REVEALED: What are Zurich’s most popular baby names?

Zurich’s most popular baby names from 2021 have been revealed. A strong trend towards short names has emerged - and there’s barely an Urs or Ursula in sight.

REVEALED: What are Zurich’s most popular baby names?

On Thursday, Zurich council published its list of most popular baby names in 2021. 

During 2021, 5,251 babies were born across the canton, which is Switzerland’s most populous. 

On top of the list for boys was Noah, with 27 of the boys born last year receiving the biblical name. 

The leader for the girls was a little more controversial, with two different names laying claim to the crown. 

While 28 of the girls born in Zurich last year were called Olivia, there were 44 girls born in total with a variation of Sophia/Sofia. 

REVEALED: The most popular baby name in each Swiss canton

Short names dominated both lists, with Emma, Anna, Ella and Mia ranking high for girls, alongside Leo, Louis and Theo for boys. 

Another trend is that diversity is on the slide in Zurich, with fewer names given than in previous years. 

Swiss tabloid Blick reports that while 15 years ago there were 62 different names for every 100 people, there were less than 50 (48 for girls and 47 for boys) in 2021. 

Middle names are also on the rise in Switzerland, with 57 percent having one in 2021 compared to 48 percent in the 1990s. 

How does this compare to Switzerland? 

Although the 2021 figures haven’t been released for Switzerland, those from 2020 showed Noah was popular across the country as the favourite boys name. 

Olivia however was not even in the top five for girls names in Switzerland, where Mia, Emma and Mila were the most popular. 
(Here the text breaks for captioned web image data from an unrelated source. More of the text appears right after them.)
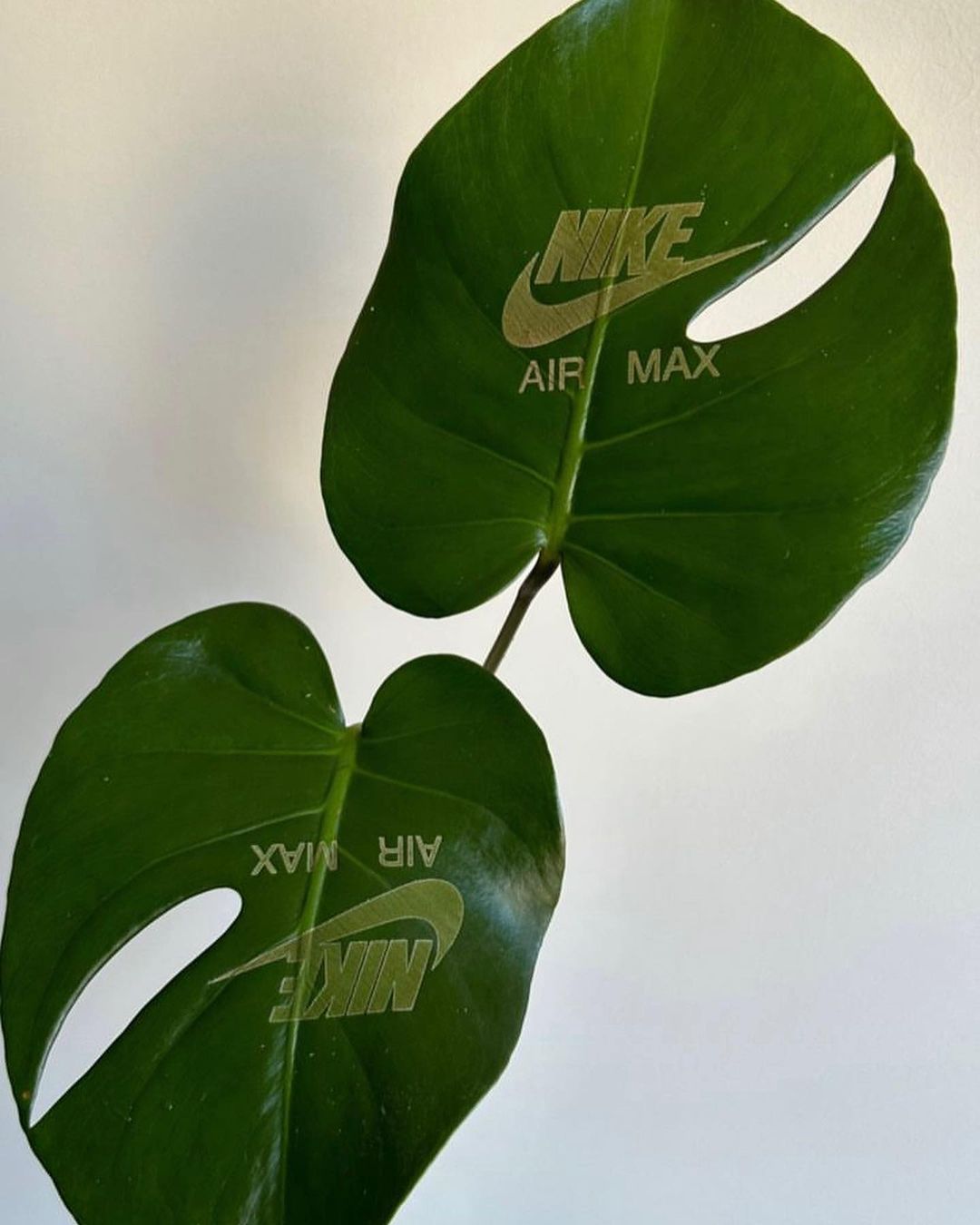 Hypebeast biljka meseca: Nike AirMax Monstera deliciosa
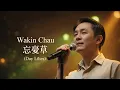 Lagu Wakin Chau – 忘憂草 (Day Lilies) | Emotional Mandarin Ballad | AI Cover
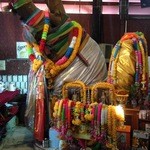 Beergarden - 店内に樹が生えてます。精霊をお祀りしてるみたい。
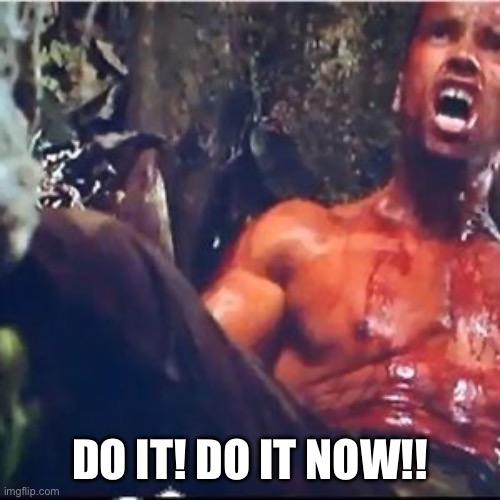Predator Do It Now | DO IT! DO IT NOW!! | image tagged in predator do it now | made w/ Imgflip meme maker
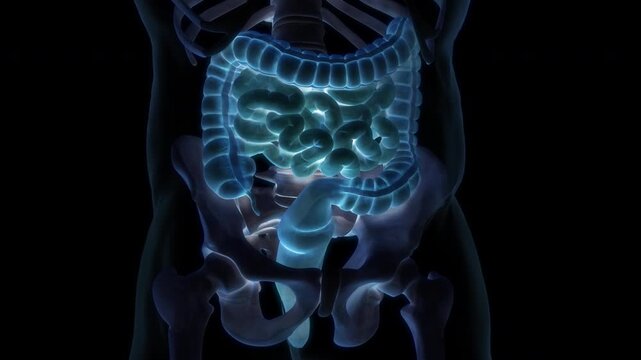 Human Digestive System Anatomy Animation Concept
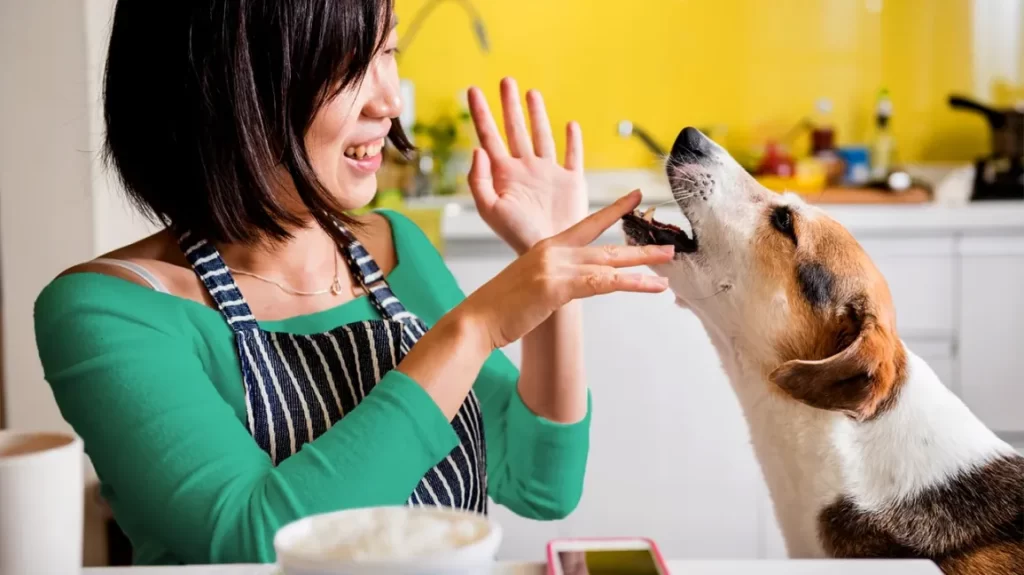 The best dog food options for active dogs插图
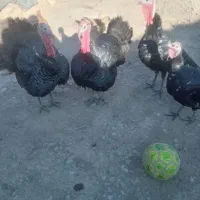 بوقلمو نکردی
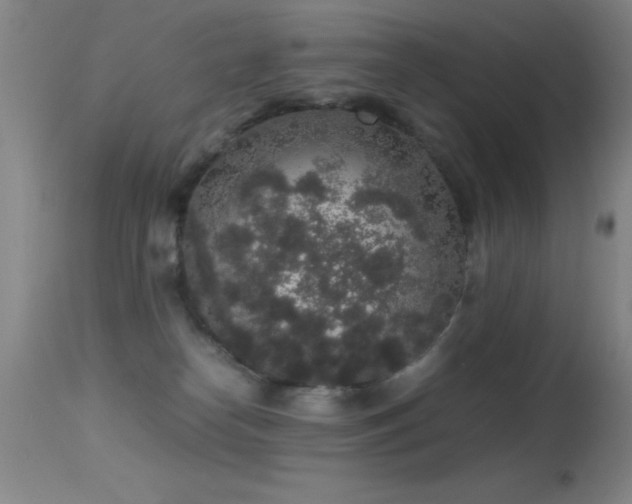 X0000114660182200910201539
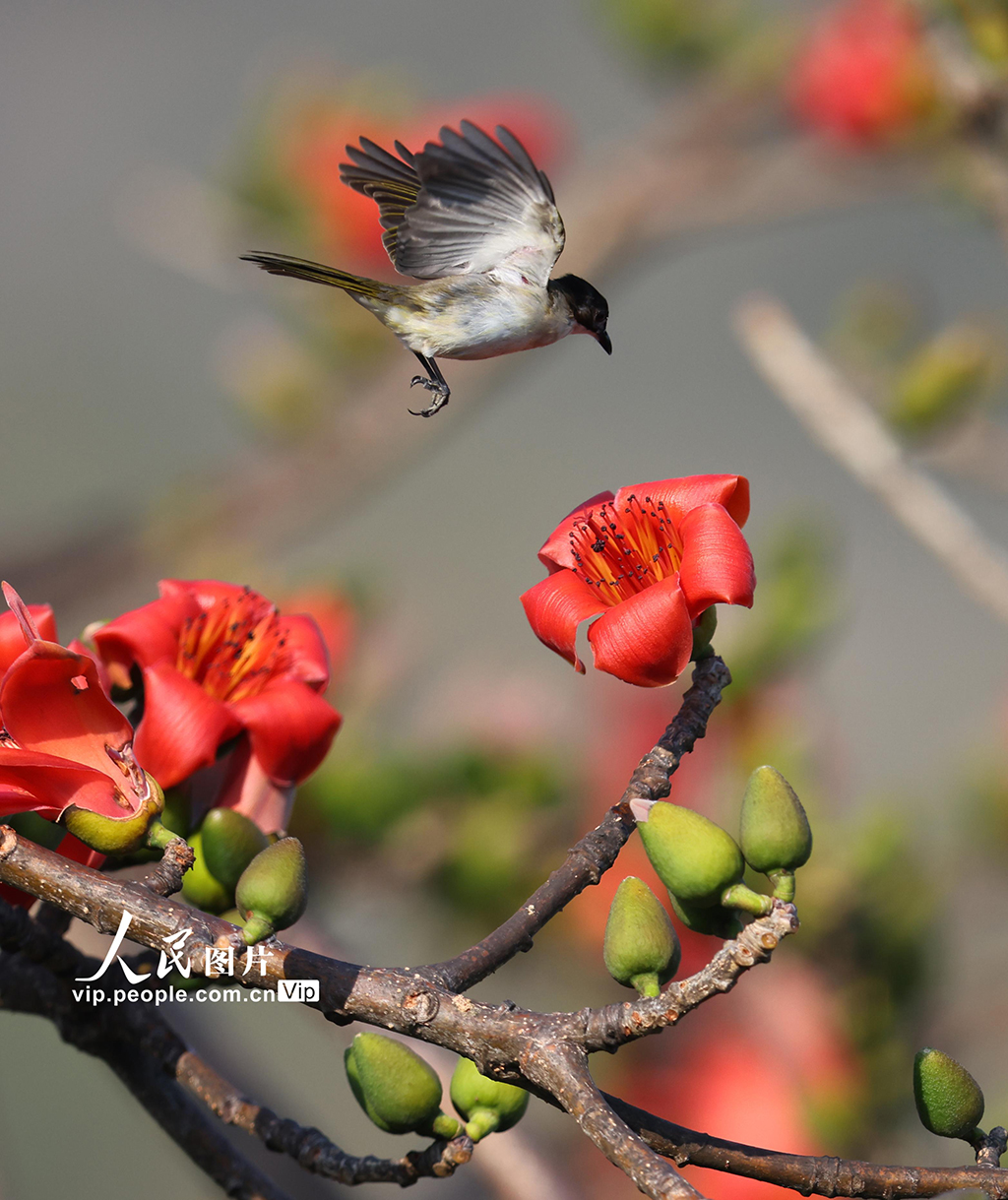 海南三亞：春暖花開【3】
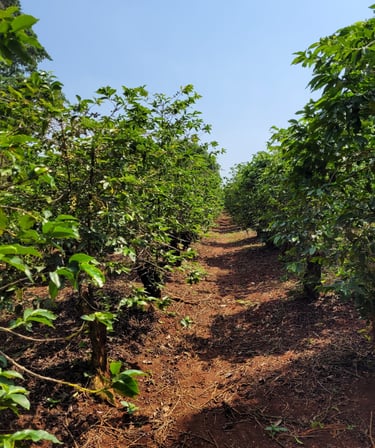 An image of a Kenyan Coffee farm in Nyeri 
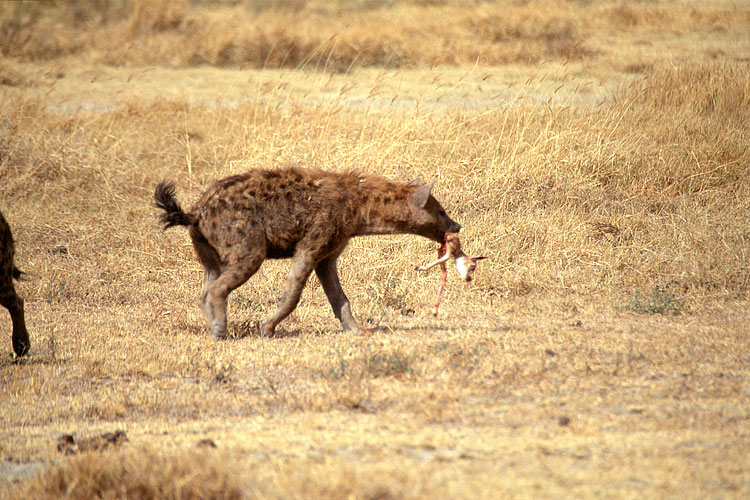 Gazelle, Hyena, Spotted Hyena, Thomsons Gazelle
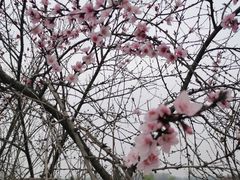 -洨河生态公园
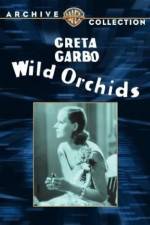 Watch Wild Orchids 123netflix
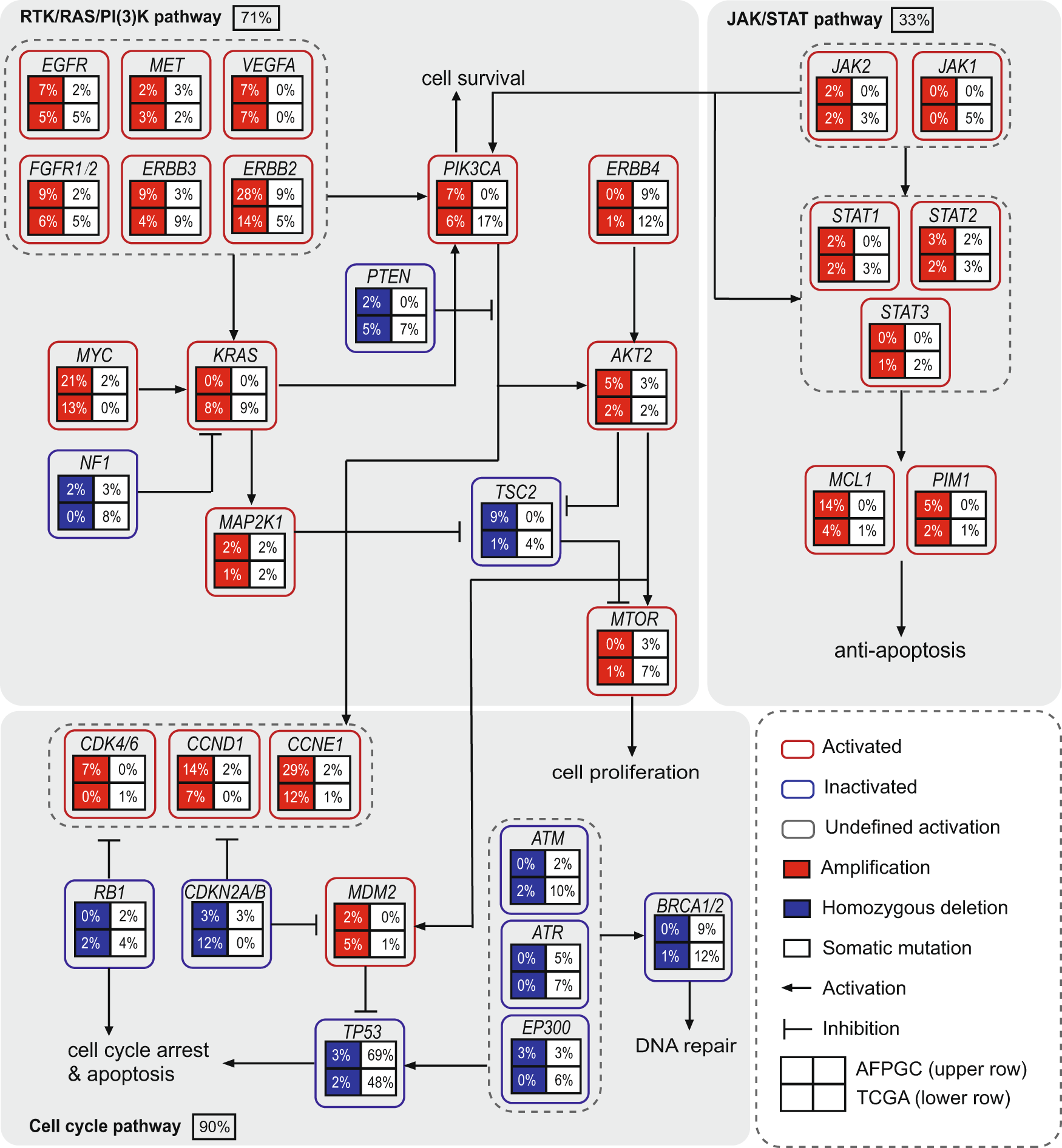 Fig. 3: Comparison of genetic alterations of signaling pathways in AFPGC and TCGA-GC.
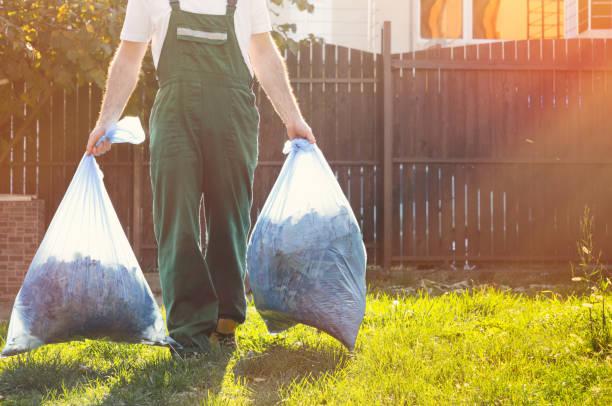 Best Shed Removal  in La Palma, CA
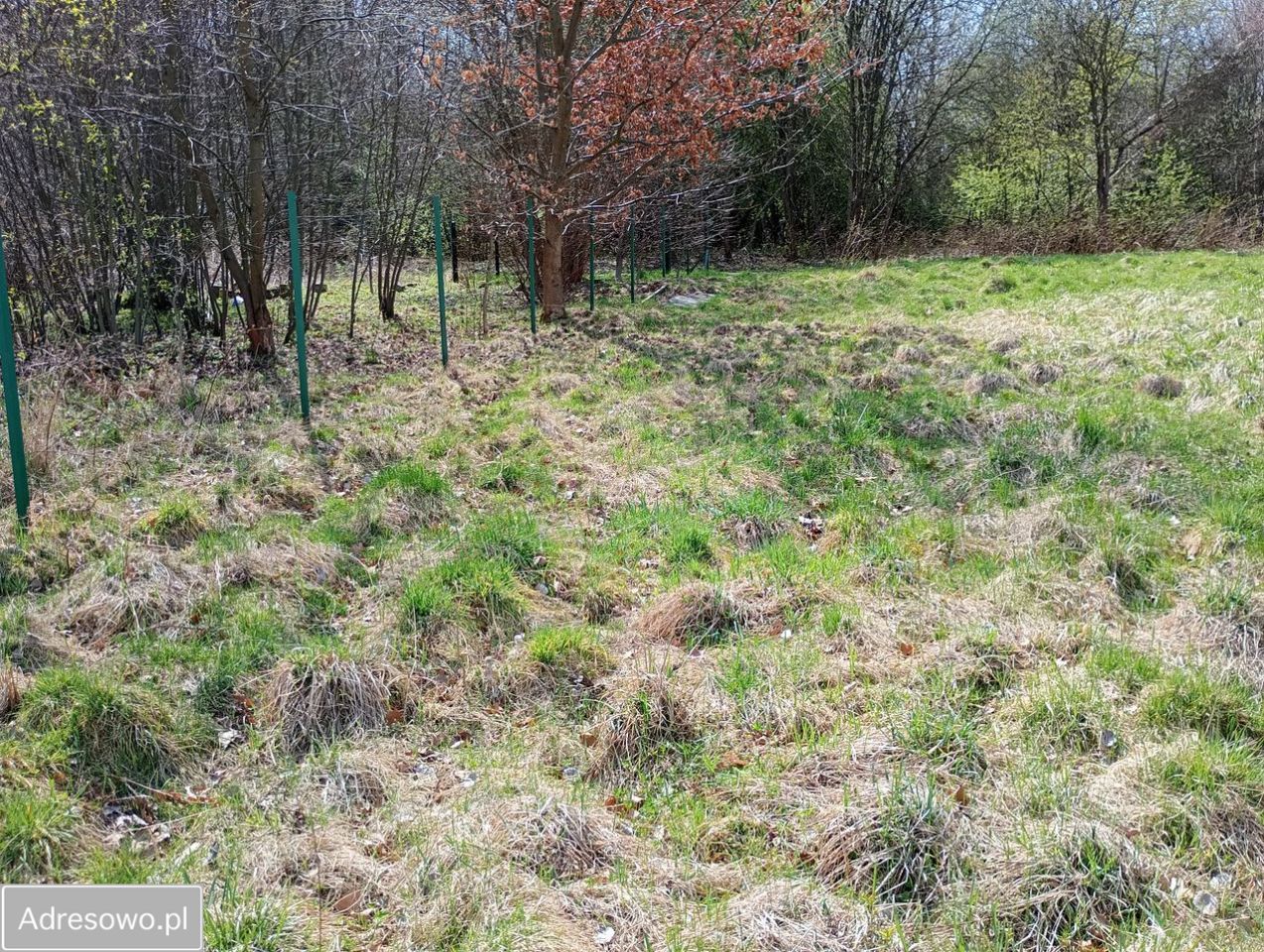 Działka rekreacyjna Żywiec, ul. Rekreacyjna. Zdjęcie 8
Much like pretty much everything in Switzerland, there are significant differences between linguistic regions. 

In total, there were 461 Mias born in Switzerland last year, followed by 407 Emmas and 350 Milas.

Switzerland saw 507 Noahs born last year, followed by 372 Liams and 359 Matteos.

Mia and Noah are the most popular names in German-speaking Switzerland as well as in the country as a whole, which is of course helped by the fact that around 60 percent of Switzerland speaks German.

French-speaking Switzerland, also known as Romandie, saw Gabriel and Emma top the charts in 2020.

Sofia claimed top prize in the Italian-speaking part of the country, while Leonardo was far and away the biggest winner among the boys.

The situation is slightly different among Switzerland’s foreigners, with many opting to stick with names popular in their home countries, rather than those in Switzerland.